• **Activity**
Starting at the first entry below, repeat all the data word for word and drop the pictures.

(Material shown begins)

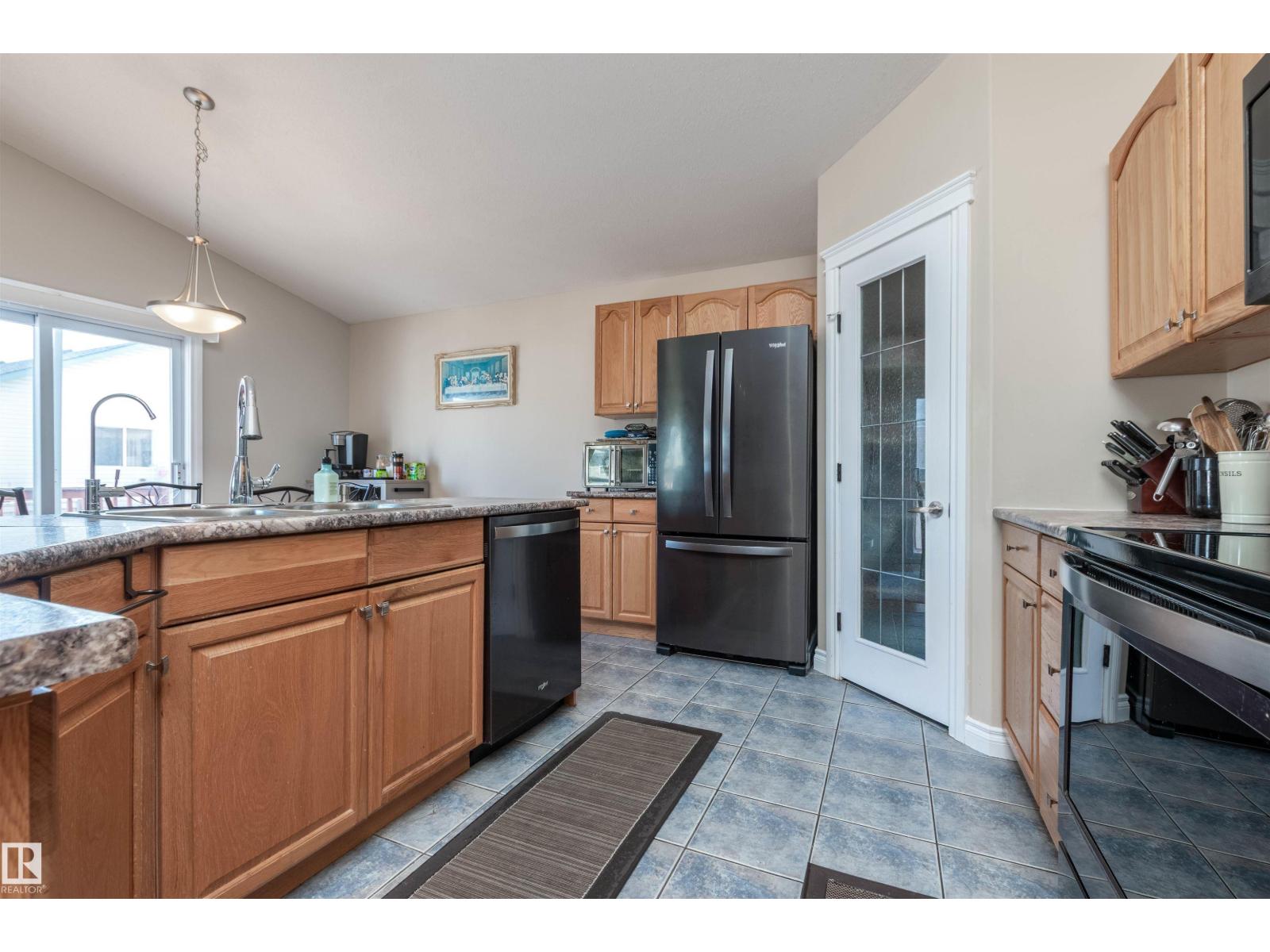 16297 52 ST NW, Edmonton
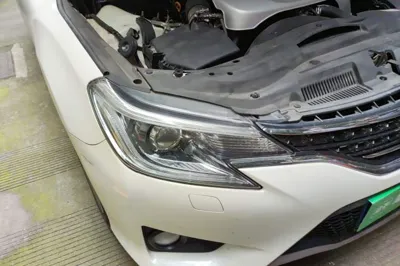 Toyota Reiz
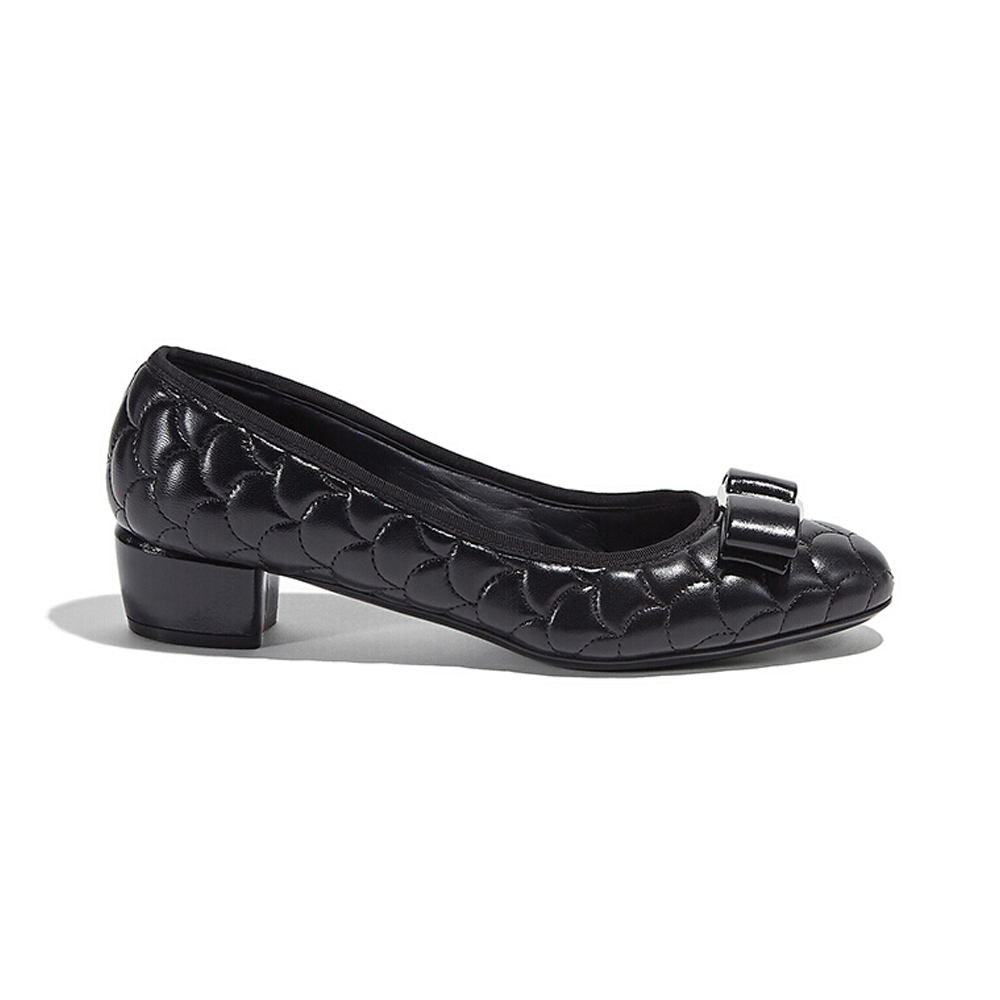 菲拉格慕女鞋板鞋, Salvatore Ferragamo | SALVATORE FERRAGAMO 女士黑色羊皮鱼鳞压花饰有蝴蝶结中跟鞋 0726002商品图片 独家减免邮费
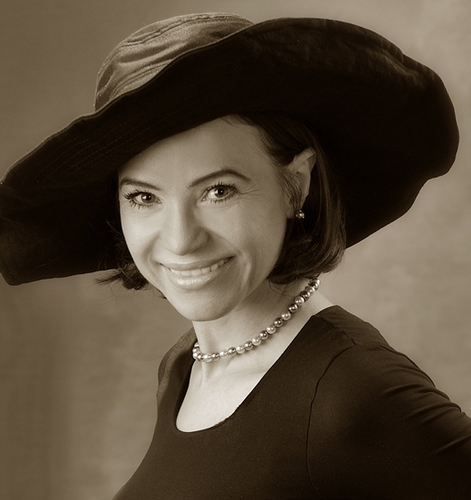 Soprano Vocalist affiliated with Private Academy of Vocal Art. Involved in solo concerts, chamber concerts, operas, operettas, charity concerts.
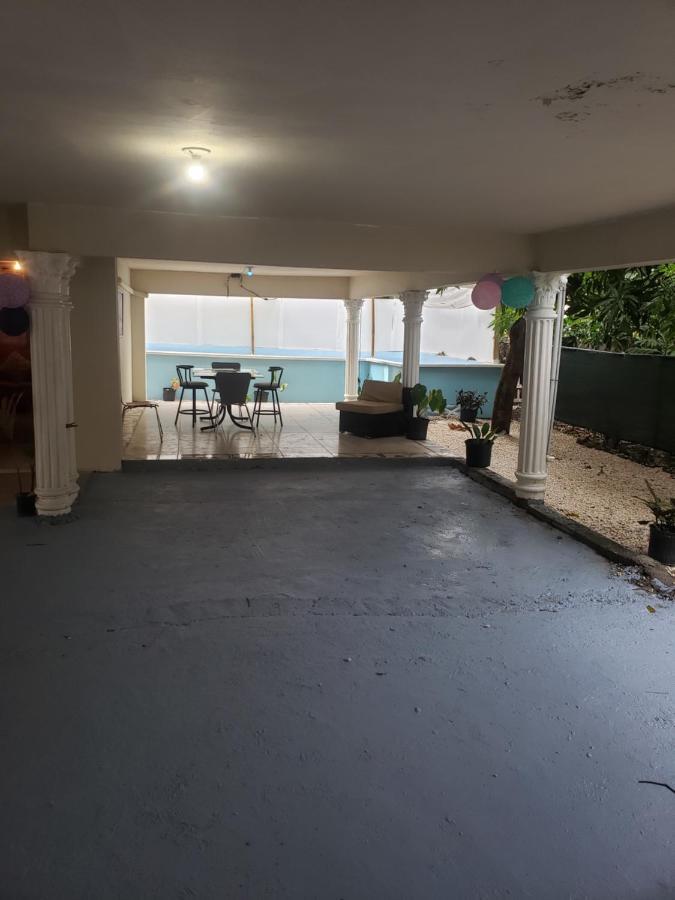 Grace Garden Guesthouse By Eminence Ent Ocho Rios Exterior foto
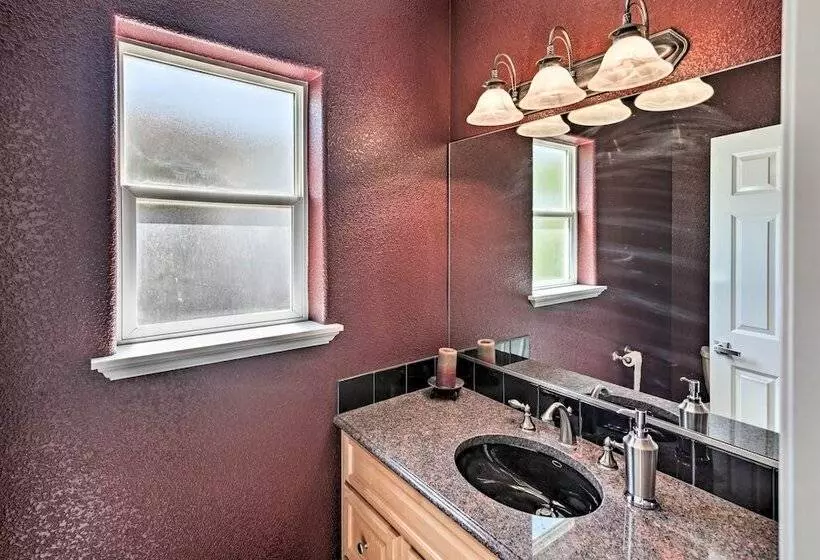 Sun Soaked Colorado River Haven   Walk To Beaches!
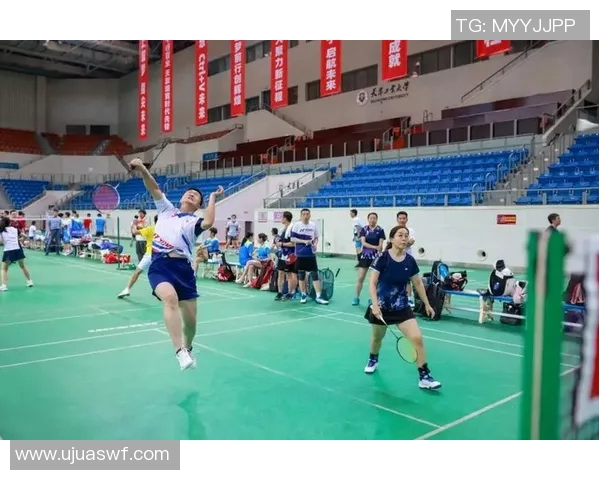 重庆羽毛球队荣登全国羽毛球耐力排行榜第二名展现强劲实力 重庆羽毛球队荣登全国羽毛球耐力排行榜第二名展现强劲实力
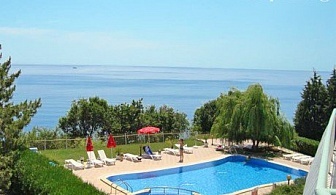 Нощувка, закуска и вечеря с гледка море + басейн в хотел Рай, до Балчик през Август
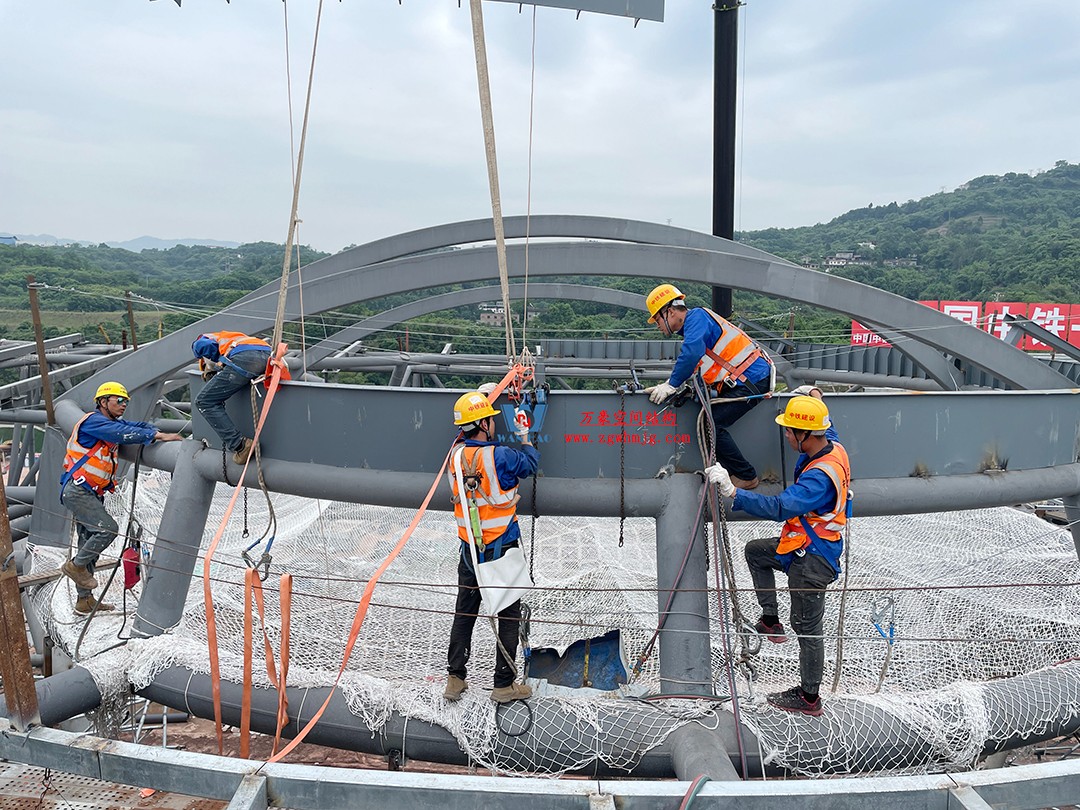 重慶東站站房正在加速建設(shè)，全力繪就項(xiàng)目新篇章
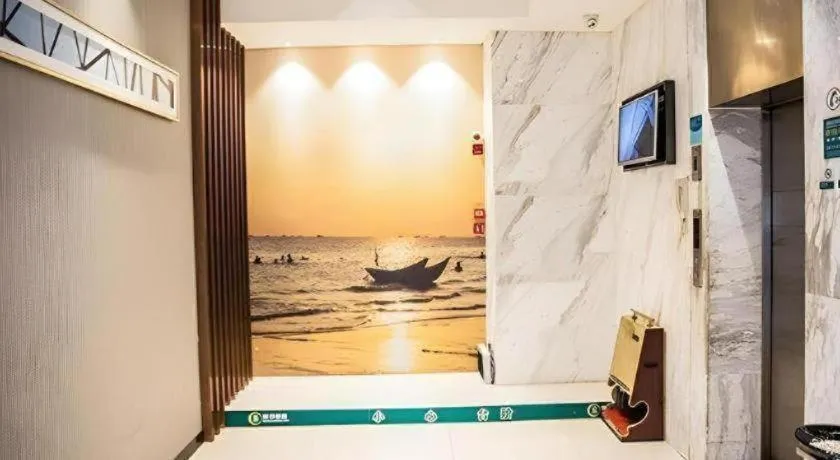 City Comfort Inn Beihai RT-Mart High Speed Railway Station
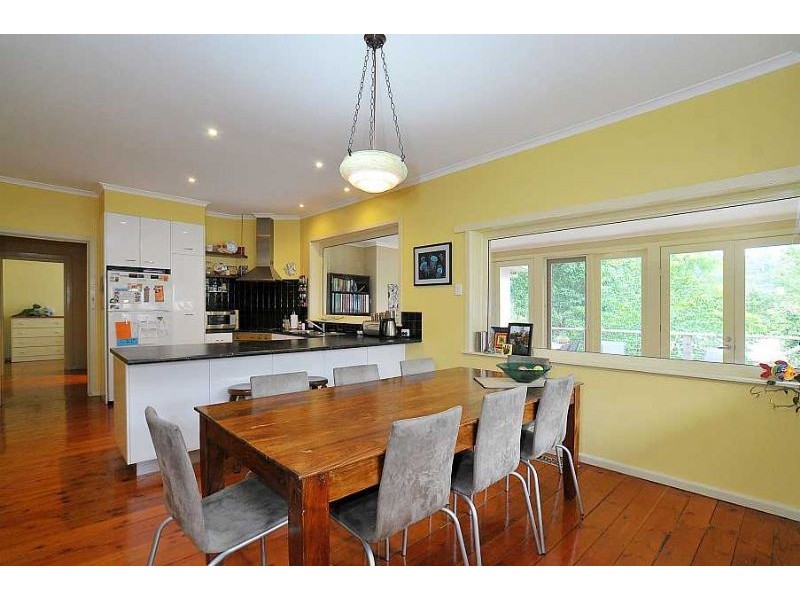 29 Griffiths Road, Upwey VIC 3158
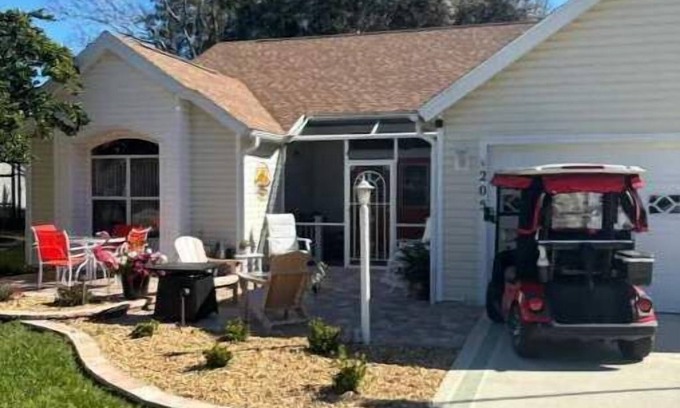Lady Lake Casa | 3 Bedroom 2 Bathroom sleeps 6 and includes golf cart - close to town squares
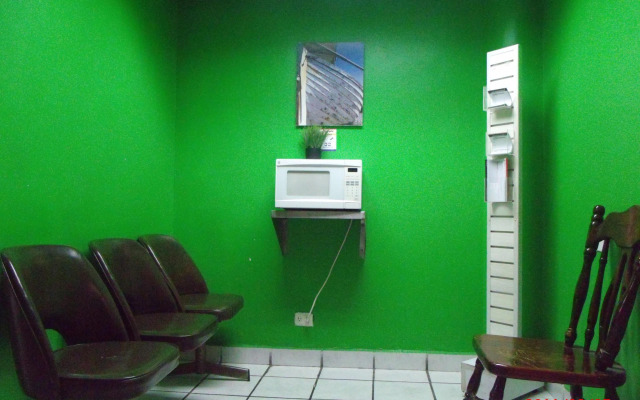 Unidades Privadas con AC-TV-WiFi y Estacionamiento en Centro de MTY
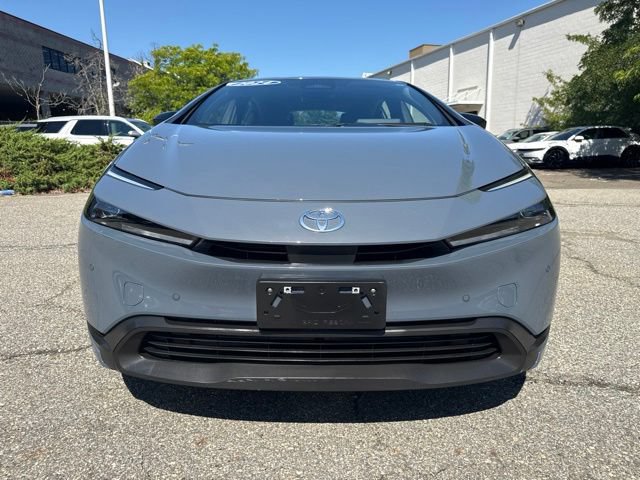 Used 2024 Toyota Prius LE FWD video 2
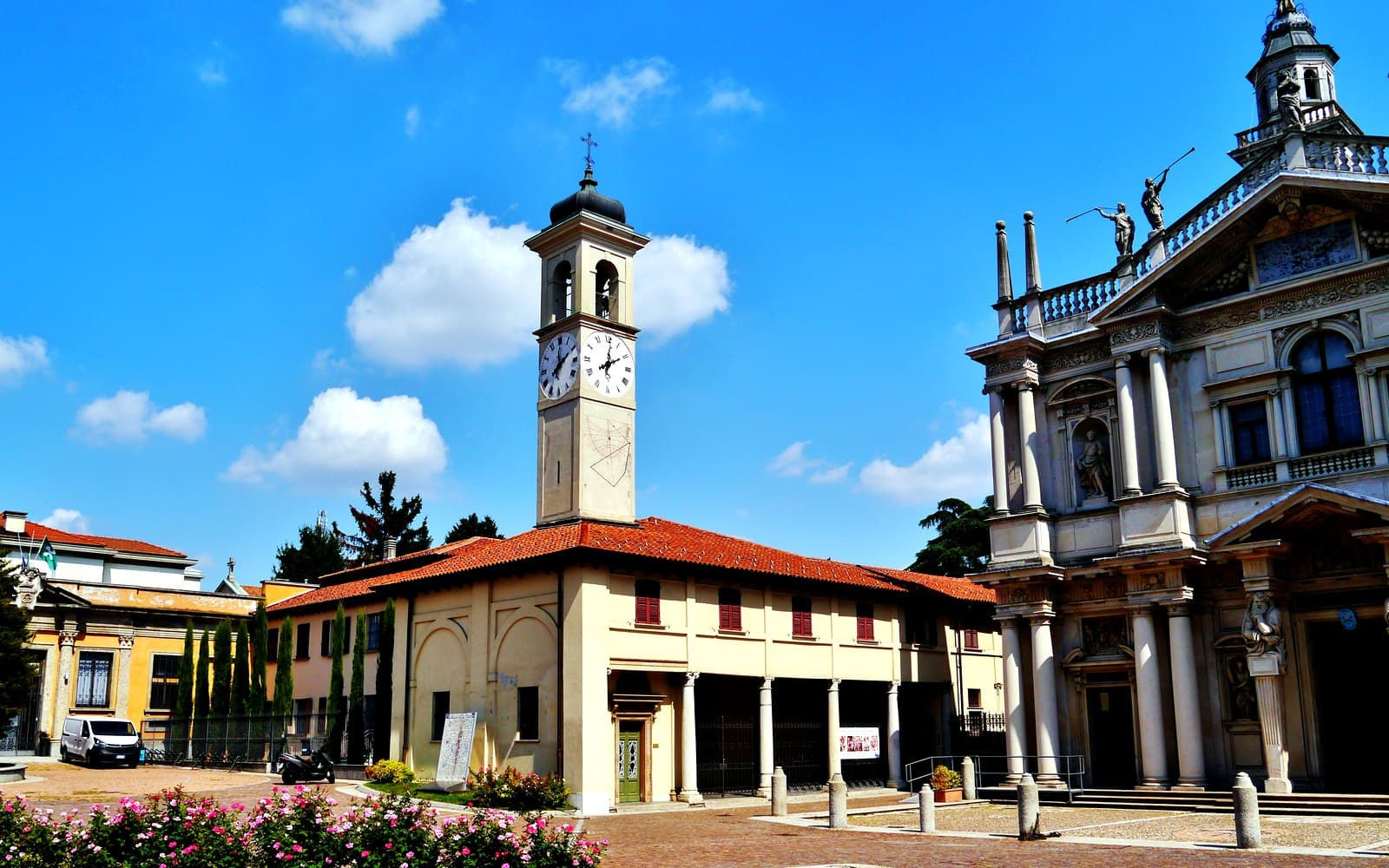 Santuario della Beata Vergine dei Miracoli e piazza a Saronno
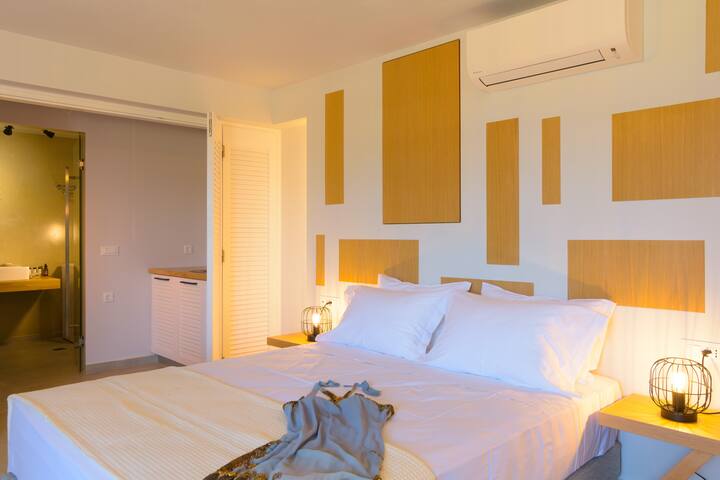 Villa Enigma – 3 bedroom villa with a private pool gallery image 2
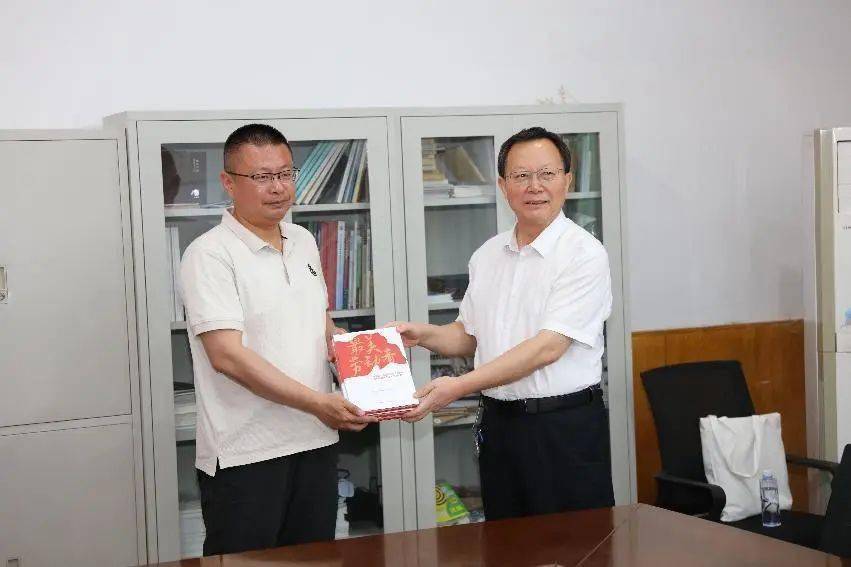 自治区总工会二级巡视员常丽武为内蒙古工业大学“黄平平创新工作室”授匾，强调发挥创新引领功能，为技术攻坚、教育教学作出更大贡献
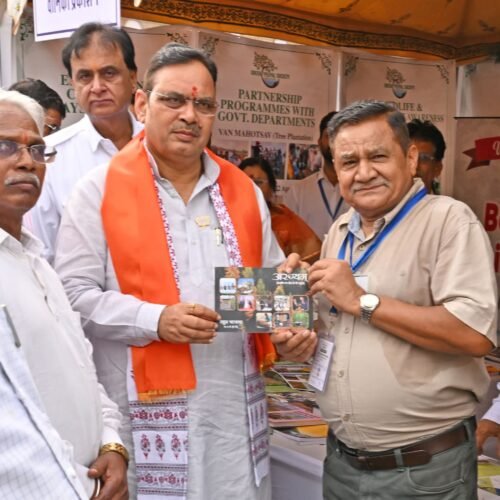 मुख्यमंत्री श्री भजनलाल शर्मा को राहुल भटनागर ने भेंट की ‘अरण्यम’ पुस्तक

(Material shown ends)

• **Solution to the exercise**
 16297 52 ST NW, Edmonton
 Toyota Reiz
 菲拉格慕女鞋板鞋, Salvatore Ferragamo | SALVATORE FERRAGAMO 女士黑色羊皮鱼鳞压花饰有蝴蝶结中跟鞋 0726002商品图片 独家减免邮费
 Soprano Vocalist affiliated with Private Academy of Vocal Art. Involved in solo concerts, chamber concerts, operas, operettas, charity concerts.
 Grace Garden Guesthouse By Eminence Ent Ocho Rios Exterior foto
 Sun Soaked Colorado River Haven   Walk To Beaches!
 重庆羽毛球队荣登全国羽毛球耐力排行榜第二名展现强劲实力 重庆羽毛球队荣登全国羽毛球耐力排行榜第二名展现强劲实力
 Нощувка, закуска и вечеря с гледка море + басейн в хотел Рай, до Балчик през Август
 重慶東站站房正在加速建設(shè)，全力繪就項(xiàng)目新篇章
 City Comfort Inn Beihai RT-Mart High Speed Railway Station
 29 Griffiths Road, Upwey VIC 3158
Lady Lake Casa | 3 Bedroom 2 Bathroom sleeps 6 and includes golf cart - close to town squares
 Unidades Privadas con AC-TV-WiFi y Estacionamiento en Centro de MTY
 Used 2024 Toyota Prius LE FWD video 2
 Santuario della Beata Vergine dei Miracoli e piazza a Saronno
 Villa Enigma – 3 bedroom villa with a private pool gallery image 2
 自治区总工会二级巡视员常丽武为内蒙古工业大学“黄平平创新工作室”授匾，强调发挥创新引领功能，为技术攻坚、教育教学作出更大贡献
 मुख्यमंत्री श्री भजनलाल शर्मा को राहुल भटनागर ने भेंट की ‘अरण्यम’ पुस्तक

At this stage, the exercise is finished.